### [Exercise brief]
Exactly the lines from the one with "Summoned to a" through the end of the records below are needed, minus any pictures.
** Opening Exercise material block **
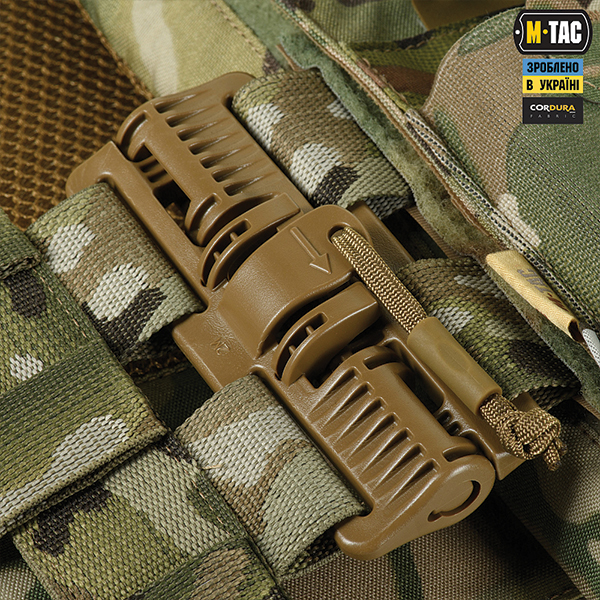 M-Tac плитоноска Cuirass FAST QRS XL Multicam. Фото 7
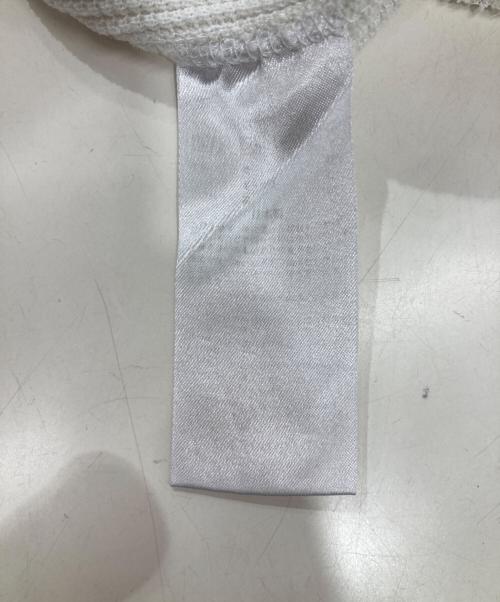 BLURHMS（ブラームス）blurhms (ブラームス) サーマルカットソー ホワイト サイズ:印字消え不明の古着・服飾アイテム
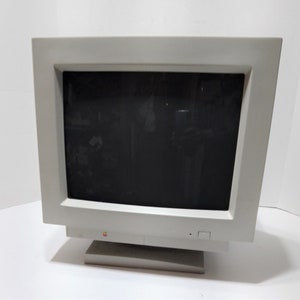 Apple Macintosh LC II Vintage 1990's Computer Monitor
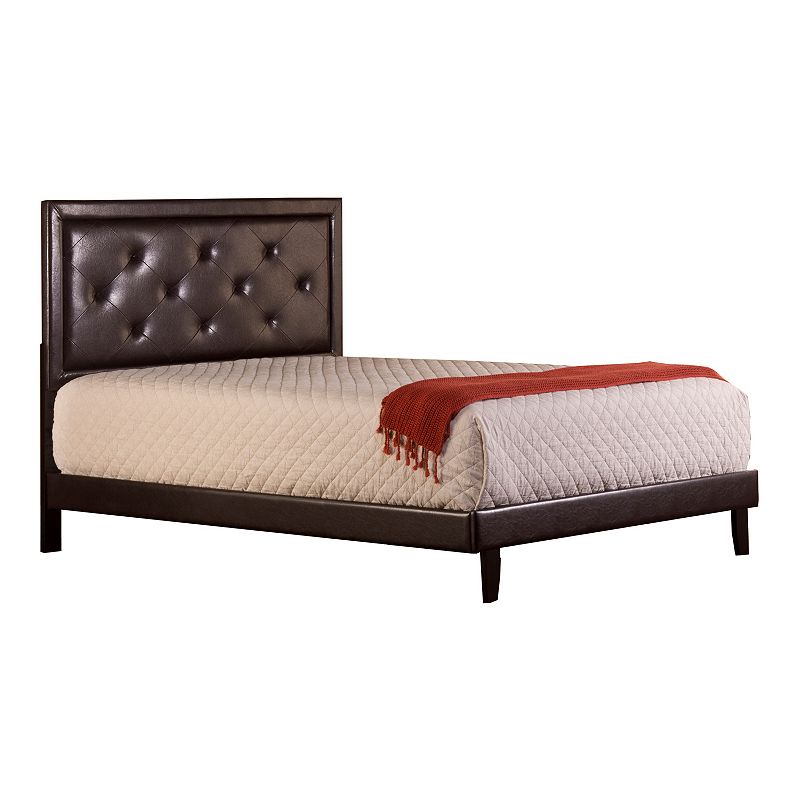 Hillsdale Furniture Becker Bed Set, Brown, Queen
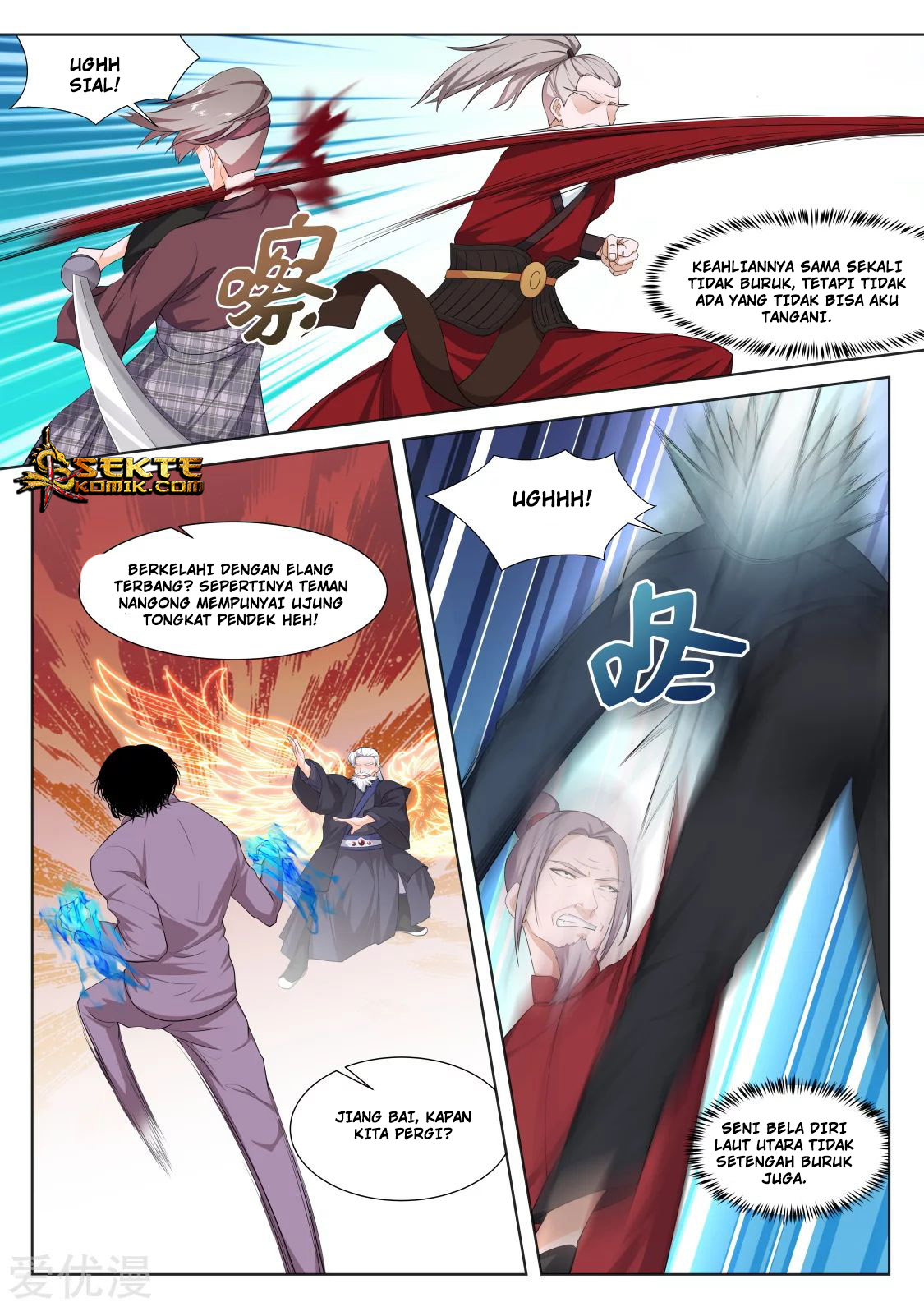 Metropolitan System Chapter 278 Bahasa Indonesia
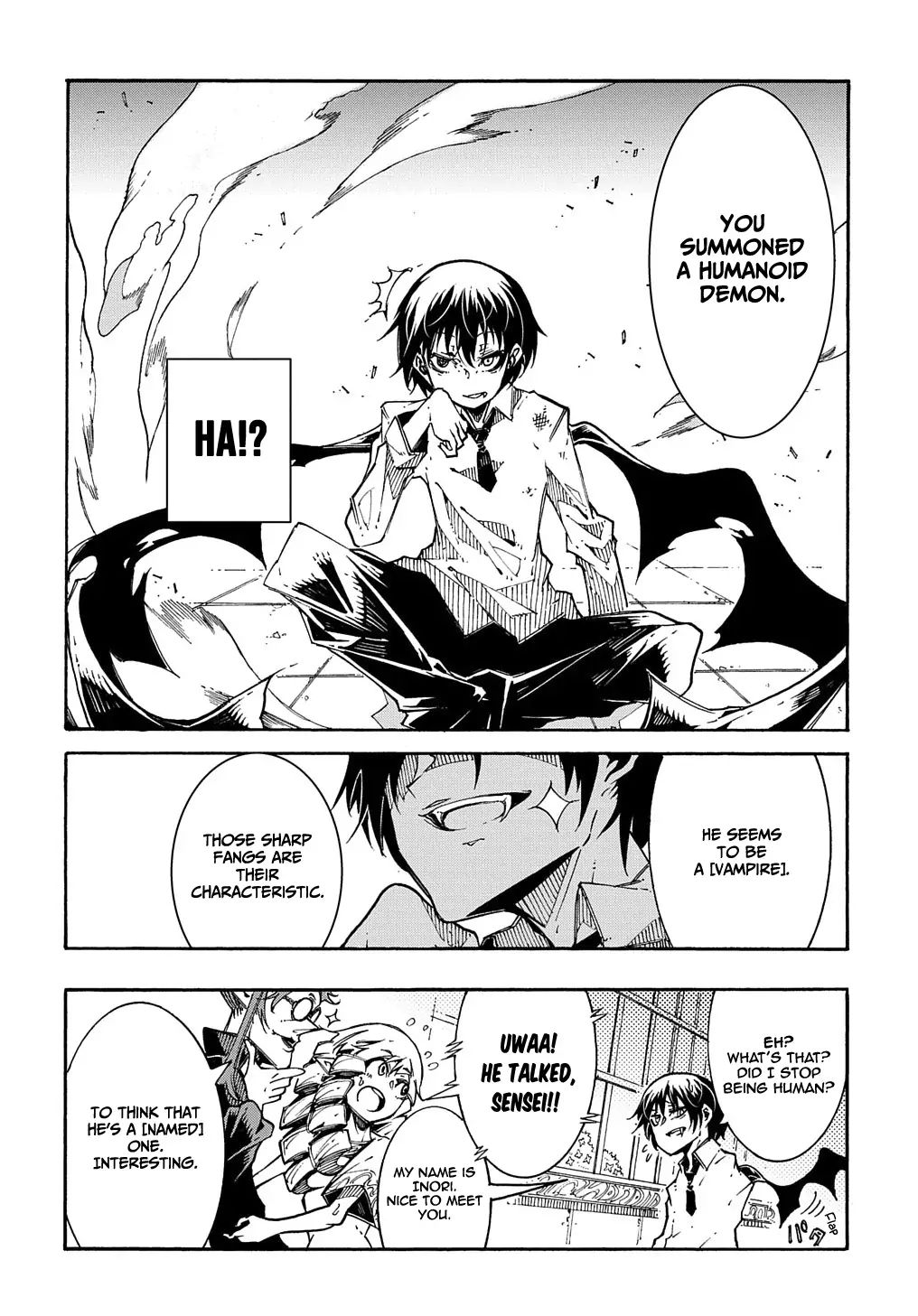 Summoned to a Parallel Fantasy World Many Times Chapter 1.1 page 26 - 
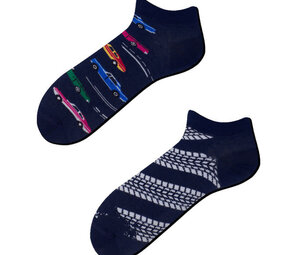 Many mornings Many Mornings - sneaker sokken - fast cars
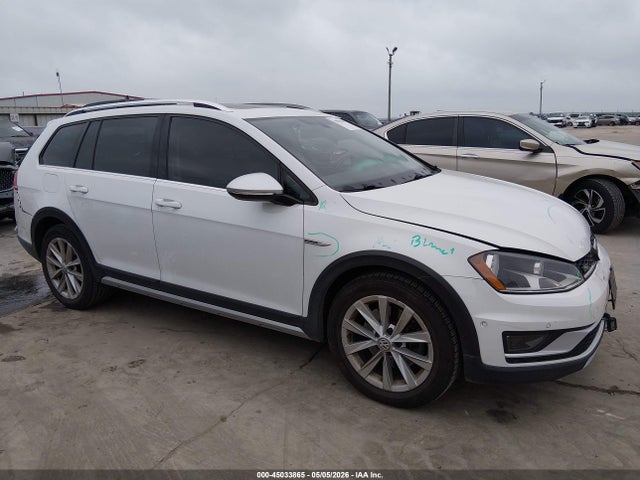 2017 Volkswagen Golf Alltrack Tsi S/tsi Se/tsi Sel მანქანა იყიდება აუქციონზე, vin: 3VWH17AU7HM541949, აუქციონის ნომერი: 45033865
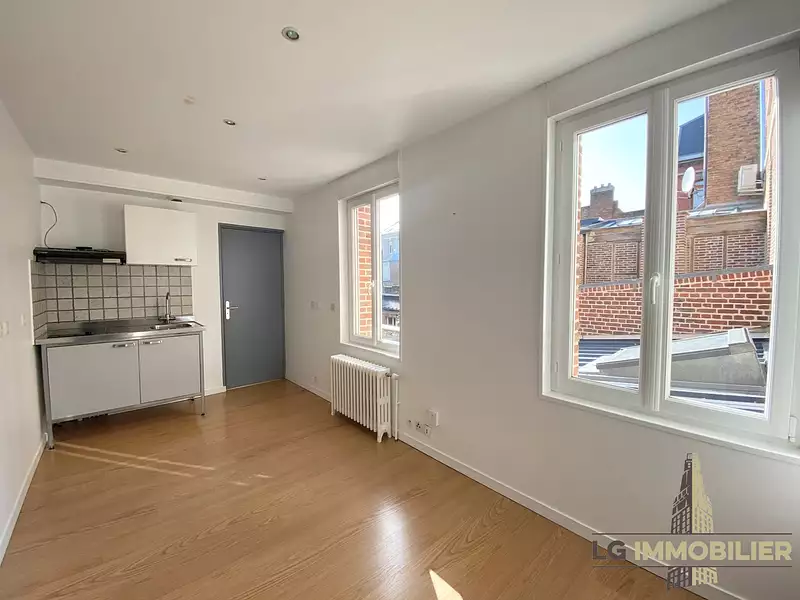 Appartement, 15,1 m²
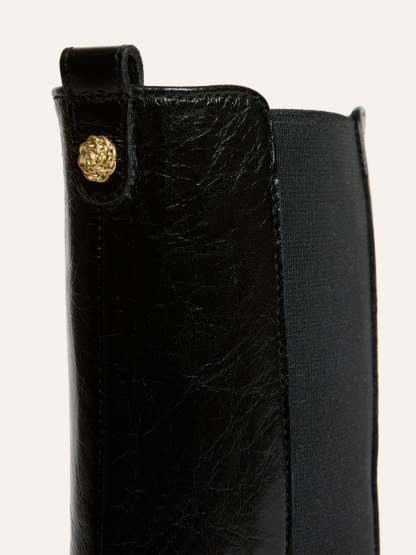 Bottines CHELSEA - CUIRVIEILLI NOIR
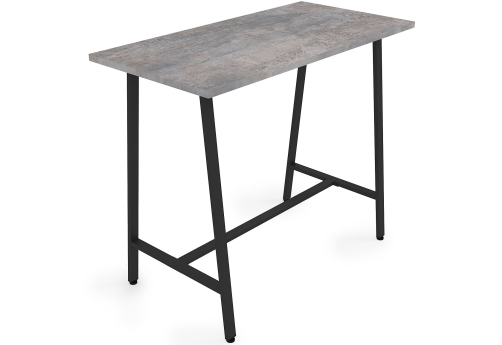 Стол барный Верона, цвет базальт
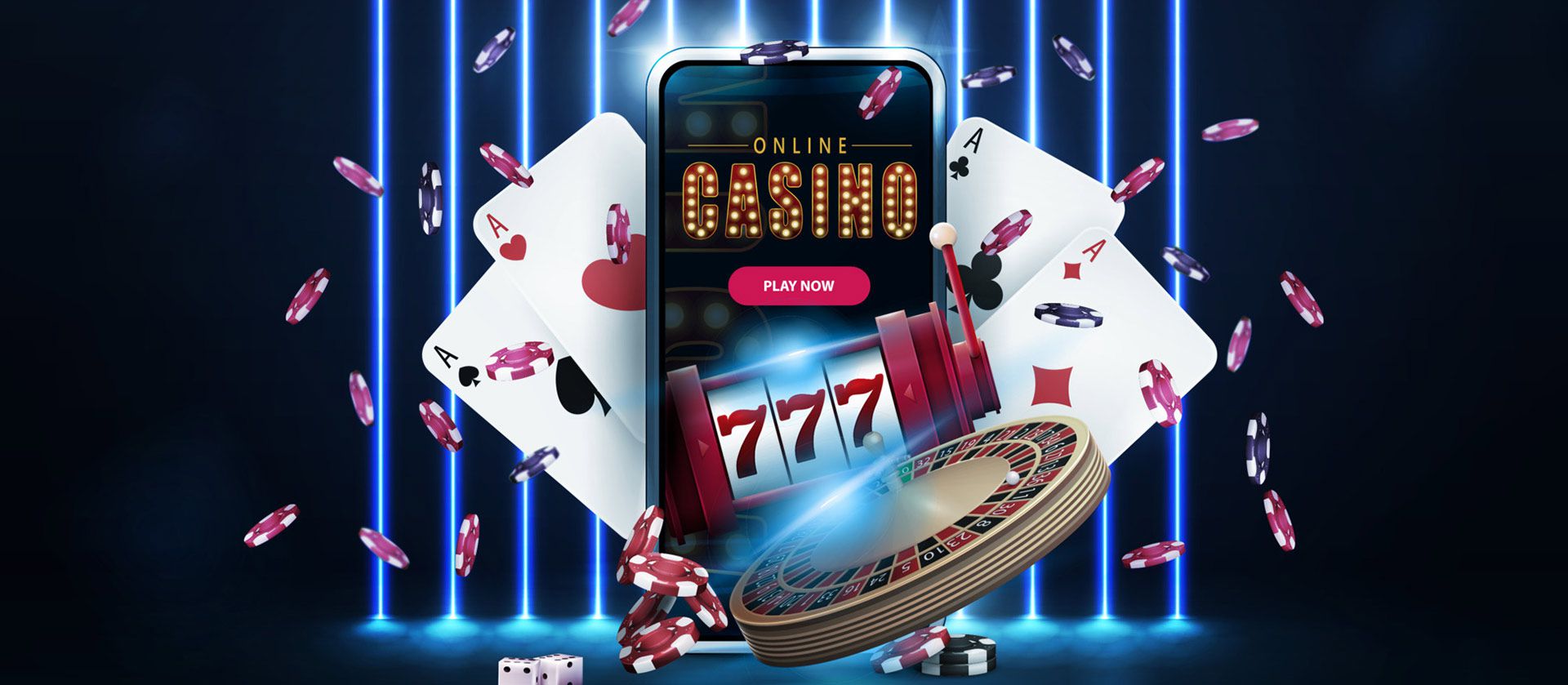Casino app for iPhone and variety of games.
** Closing Exercise material block **
### [Solution to the exercise]
 Summoned to a Parallel Fantasy World Many Times Chapter 1.1 page 26 - 
 Many mornings Many Mornings - sneaker sokken - fast cars
 2017 Volkswagen Golf Alltrack Tsi S/tsi Se/tsi Sel მანქანა იყიდება აუქციონზე, vin: 3VWH17AU7HM541949, აუქციონის ნომერი: 45033865
 Appartement, 15,1 m²
 Bottines CHELSEA - CUIRVIEILLI NOIR
 Стол барный Верона, цвет базальт
Casino app for iPhone and variety of games.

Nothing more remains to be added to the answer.